The largest, brightest cloud, in the upper right is known as Gum 22. It's named after Colin Gum, an Australian astronomer who surveyed the southern hemisphere sky in the early 1950's looking for star-forming regions like these. He catalogued 85 new such regions, named Gum 1 to85 (Gum Crater on the moon was also named in his honor).
Going counter-clockwise from Gum 22, the other catalogued nebulae in the image are Gum 23 (part of same cloud as 22), IRAS 09002-4732 (orange cloud near center), Bran 226 (upper cloud of the two at lower left), and finally Gum 25 at far lower left. There are also several smaller and/or more distant regions scattered throughout the image that have yet to be catalogued. Most of the regions are thought to be part of our local Orion spiral arm spur in the Milky Way galaxy. Their distances range from about 4,000 to 10,000 light-years away.

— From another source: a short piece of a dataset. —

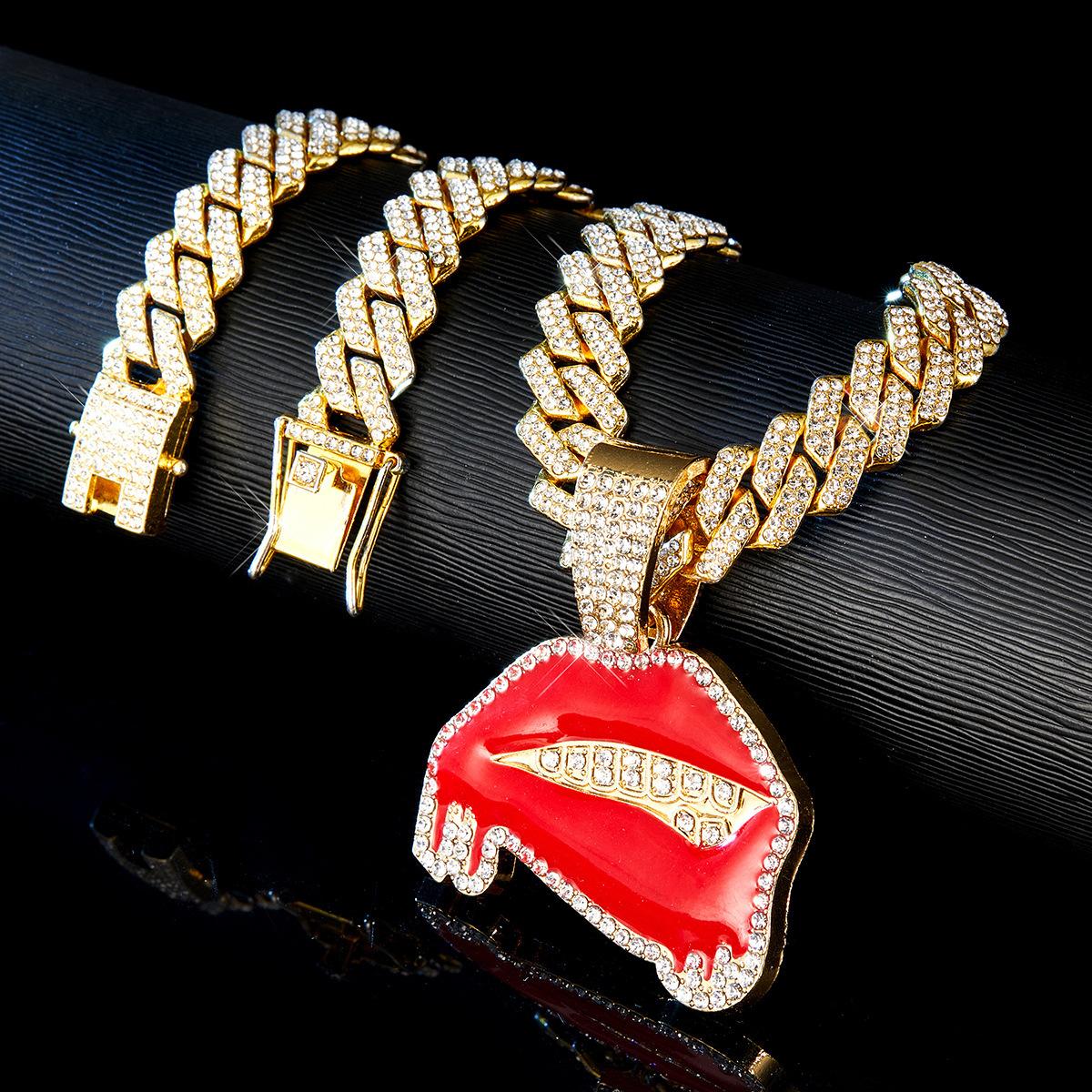 Diamond-studded oil-drip sexy red lip pendant hip-hop personalized creative alloy Cuban chain necklace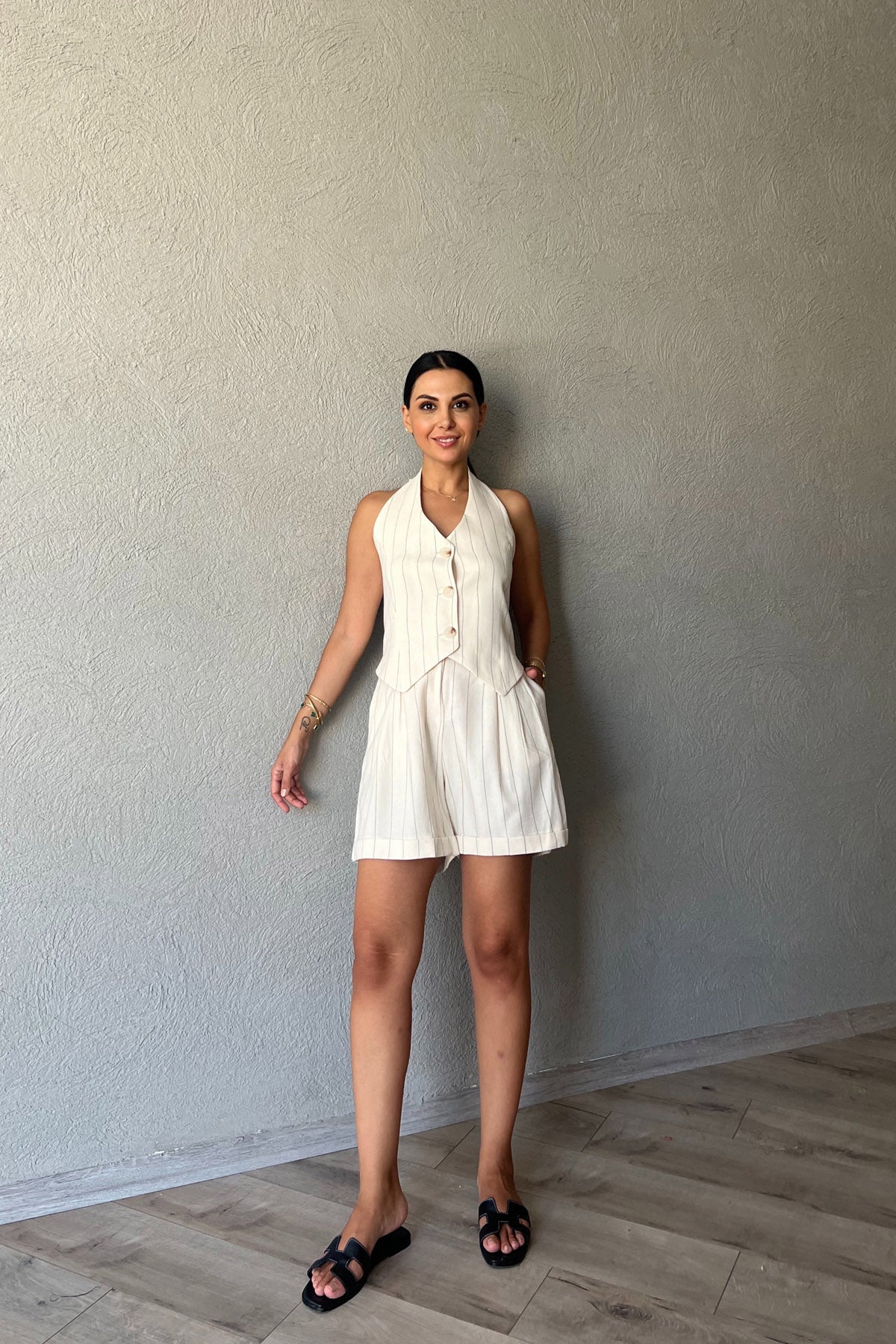 Ekru Gipeli Çizgili Şortlu Takım SY-2327-Ekru Çizgili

Notice the very bright green star near the lower right portion of the image. You can tell it's a star because it appears to have 'spikes' sticking out of it (diffraction spikes like these are an optical effect caused by the structure of the telescope). Bright stars in WISE images are typically blue, so you know this one is special. Known as IRAS 08535-4724, it's a unique type of stellar giant called a carbon star. Carbon stars are similar to red giants stars, which are much larger than the sun, glow brightly in longer wavelengths, and are in the late stages of their lives. But they have unusually high amounts of carbon in their outer atmospheres. Astronomers think this carbon comes either from convection currents deep within a star's core, or from a nearby neighboring star, from which it is siphoned. Recent evidence suggests that a carbon star like this one will end its life in an extremely powerful explosion called a gamma-ray burst, briefly outshining the sun a million trillion times.
The colors used in this image represent specific wavelengths of infrared light. Blue and cyan (blue-green) represent light emitted at wavelengths of 3.4 and 4.6 microns, which is predominantly from stars. Green and red represent light of 12 and 22 microns, respectively, which is mostly emitted by dust.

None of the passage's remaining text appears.